#### Given records:

════

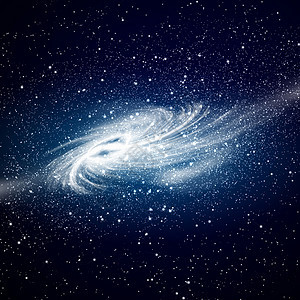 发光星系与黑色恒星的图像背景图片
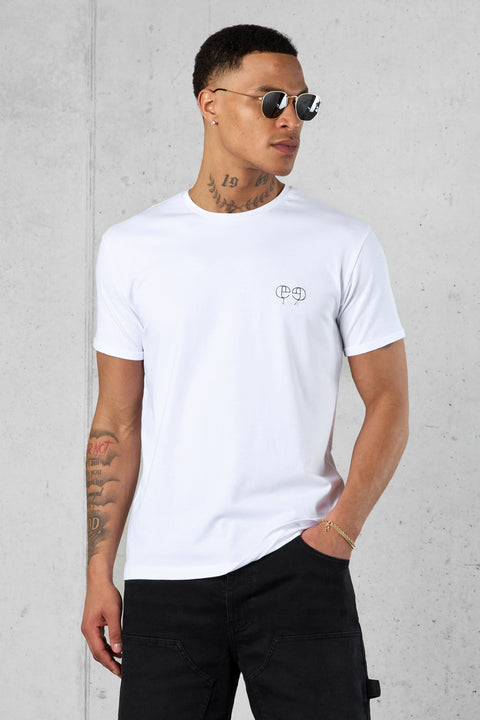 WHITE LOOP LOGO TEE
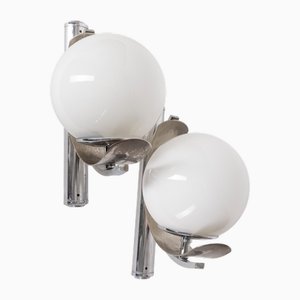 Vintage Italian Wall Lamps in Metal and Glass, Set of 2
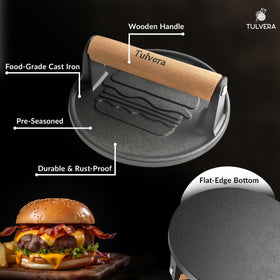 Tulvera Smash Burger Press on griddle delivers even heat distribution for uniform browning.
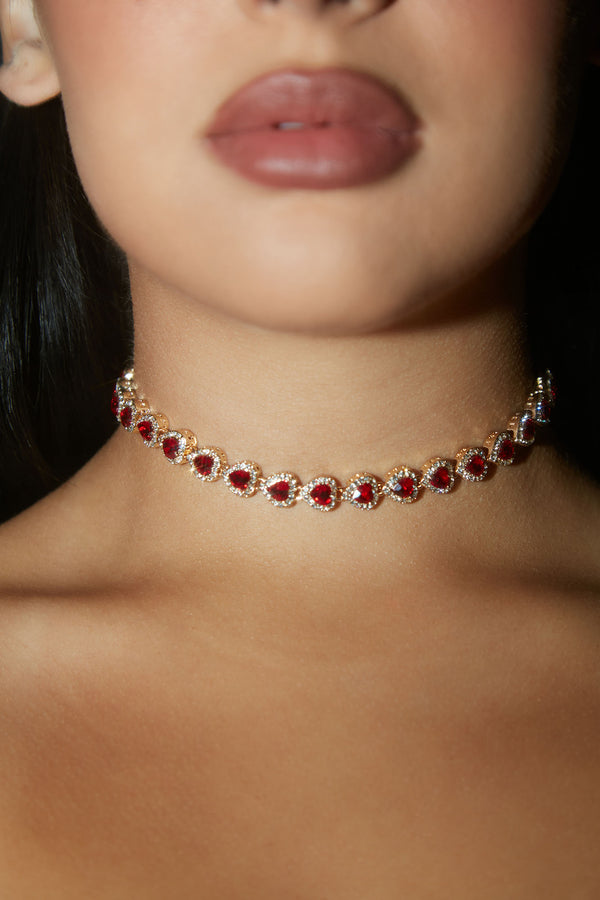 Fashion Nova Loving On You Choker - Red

════

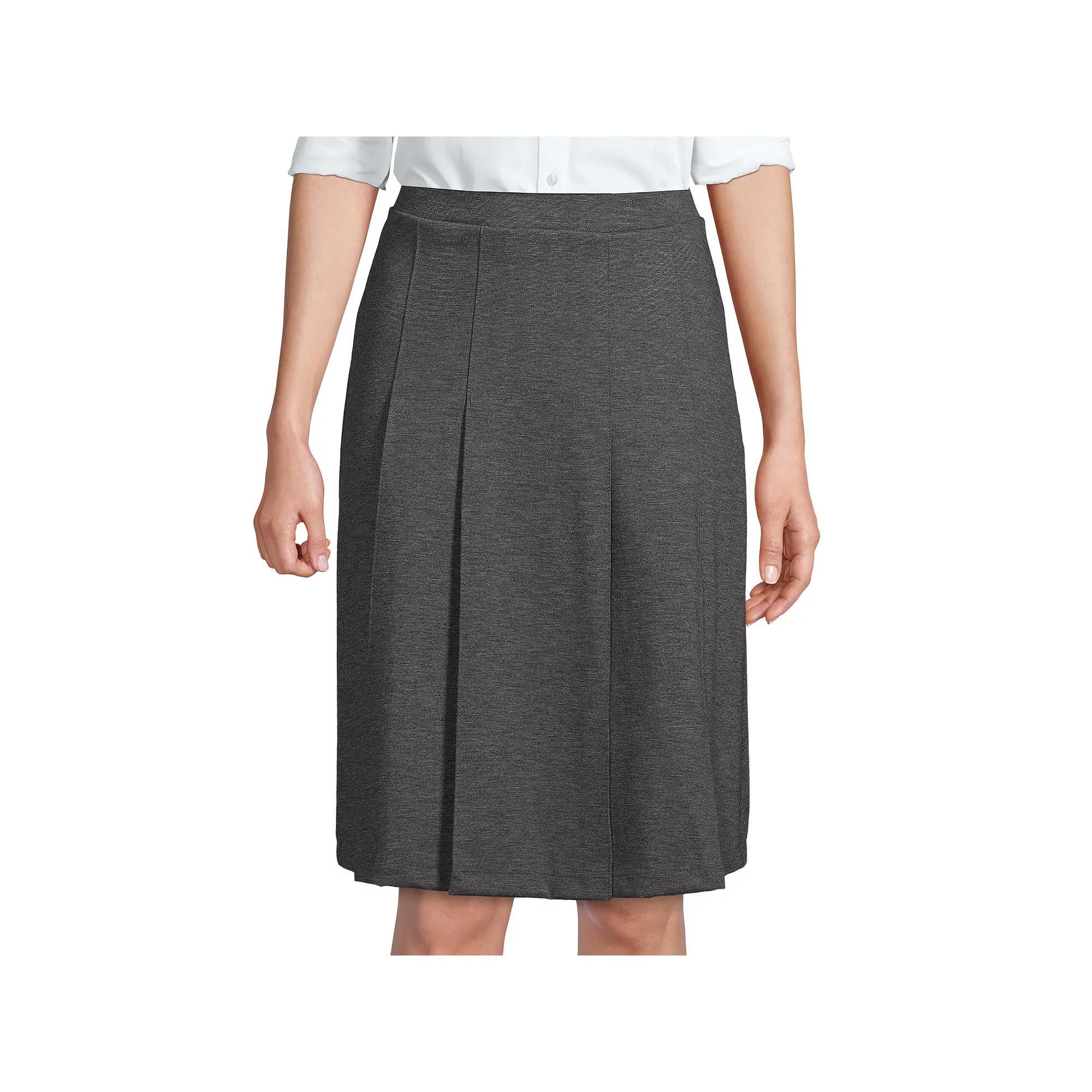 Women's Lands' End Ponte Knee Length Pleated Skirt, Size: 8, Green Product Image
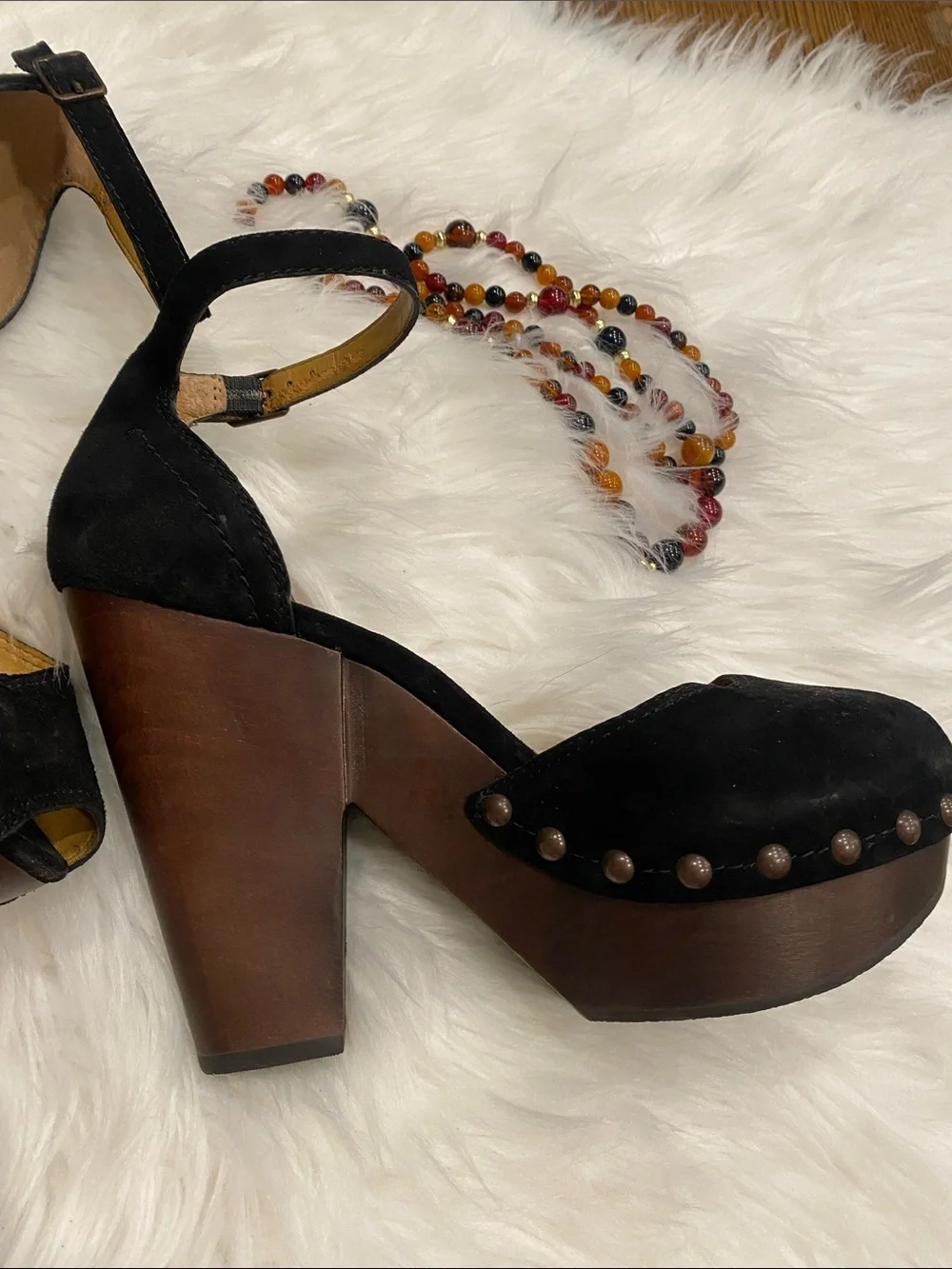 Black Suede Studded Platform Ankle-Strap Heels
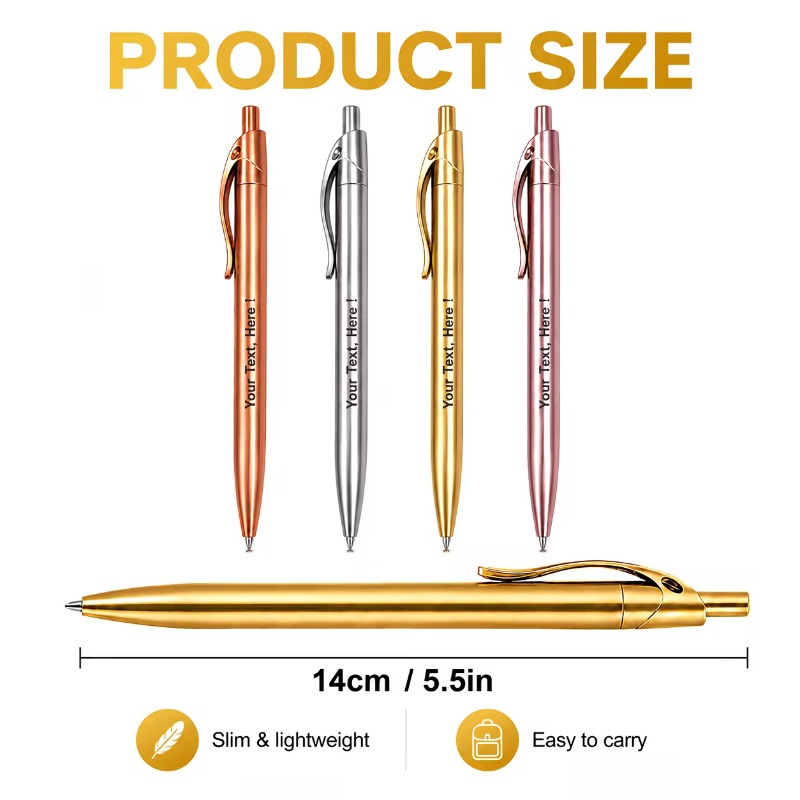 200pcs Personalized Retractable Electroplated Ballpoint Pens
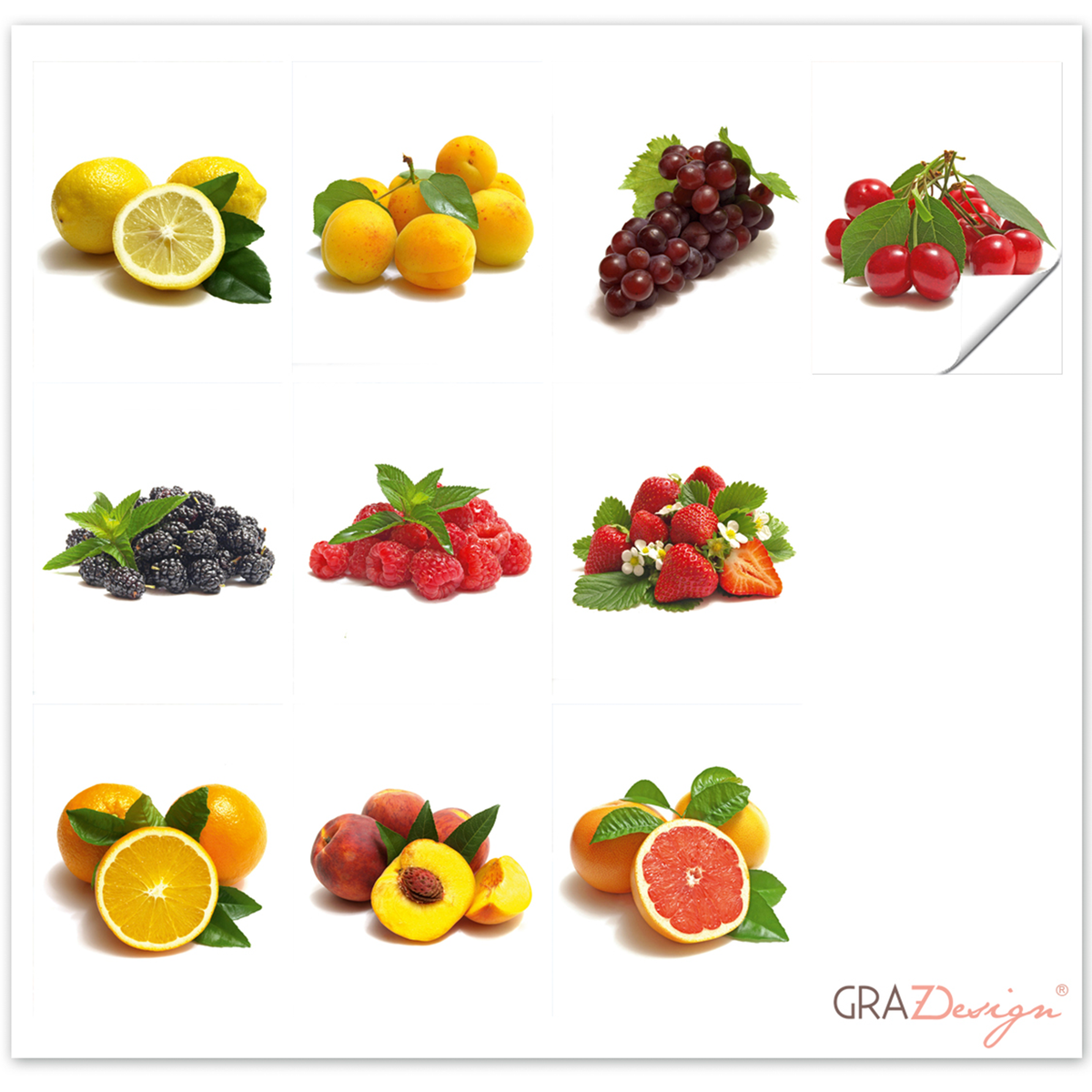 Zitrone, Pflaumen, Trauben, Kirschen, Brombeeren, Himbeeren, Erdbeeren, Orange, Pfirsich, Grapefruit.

════

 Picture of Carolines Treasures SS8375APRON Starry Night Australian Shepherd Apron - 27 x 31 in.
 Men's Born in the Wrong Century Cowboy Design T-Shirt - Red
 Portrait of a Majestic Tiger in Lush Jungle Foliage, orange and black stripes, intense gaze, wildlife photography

════

#### What you have to do:
Copy only these lines from the records above, exactly: the one with "Women's Lands' End", the one with "Orange, Pfirsich, Grapefruit.", and those between. Skip the pictures.

#### Result of this task:
 Women's Lands' End Ponte Knee Length Pleated Skirt, Size: 8, Green Product Image
 Black Suede Studded Platform Ankle-Strap Heels
 200pcs Personalized Retractable Electroplated Ballpoint Pens
 Zitrone, Pflaumen, Trauben, Kirschen, Brombeeren, Himbeeren, Erdbeeren, Orange, Pfirsich, Grapefruit.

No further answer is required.